John joined MirandaNet in 2013 when he was a director of Fit 2 Learn: a social enterprise set up to understand and address impediments to learning. Prior to that, he worked at Shell for 25 years. During that time he worked in IT in a variety of technical, programming and project management roles, both in UK and Netherlands. He has a mathematics degree from King’s College, London.

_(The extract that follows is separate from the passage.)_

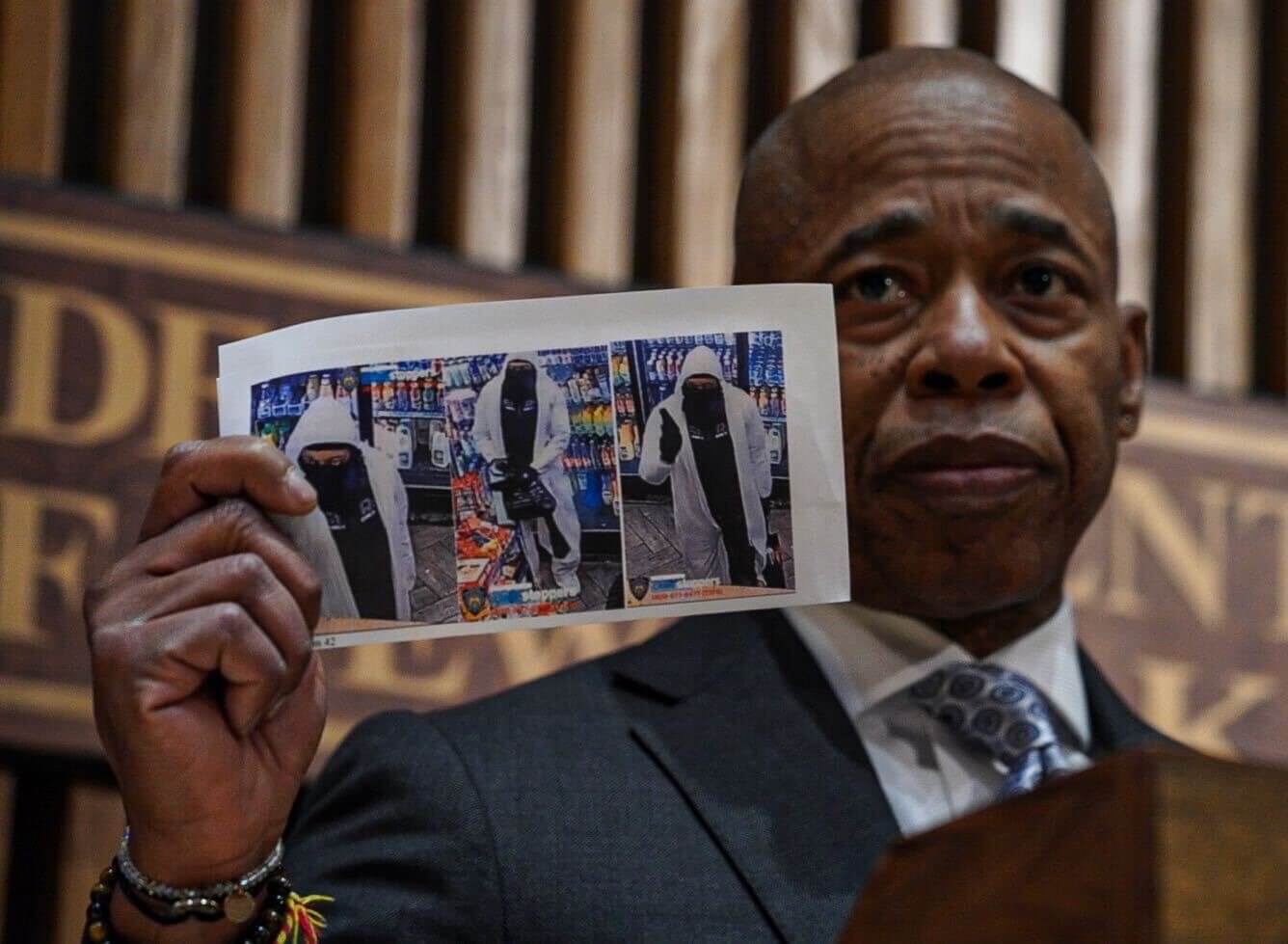 Alleged Upper East Side robber accused of shooting bodega worker dead gets cuffed 7 Mayor Eric Adams held a photo of a suspect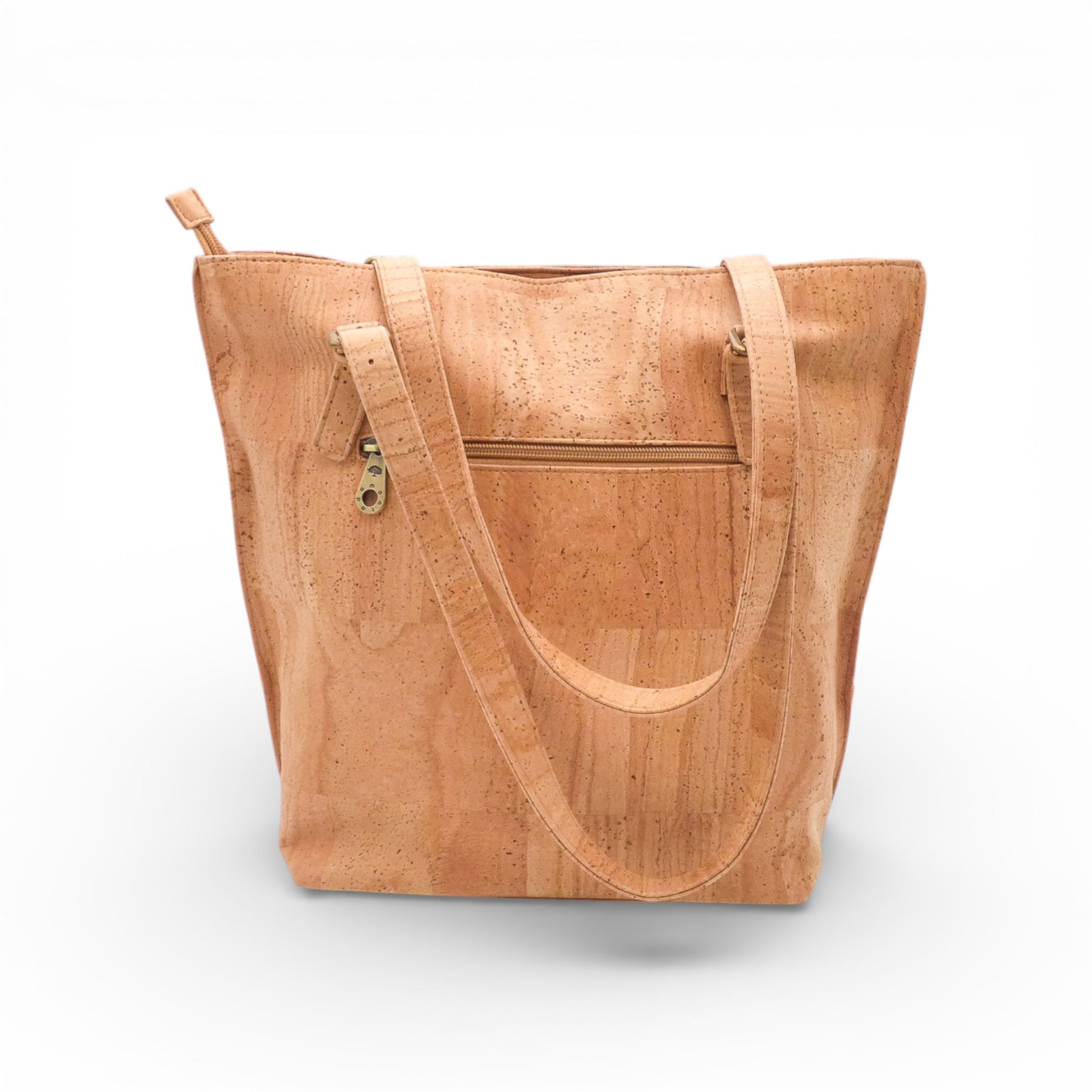 Sac épaule Montado en liège, avec design élégant et bandoulière ajustable, sur fond neutre.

John’s earliest experience with computing was at IBM in 1981 where he developed graphics programmes on mainframes. He joined Shell in 1986, initially providing support to mainframe and early personal computer users, before progressing to programming in computer languages such as Fortran and C. He went on to work in Shell’s UNIX technical team before moving into SAP R/3 development and testing. He became a PMI certified project manager in 2004 and managed international IT infrastructure projects until 2010.
John has lived in Croydon since 1996 and is an active member of local community groups. He is married with two adult daughters and other interests include integral theory, holacracy – an organisational operating system – and community building.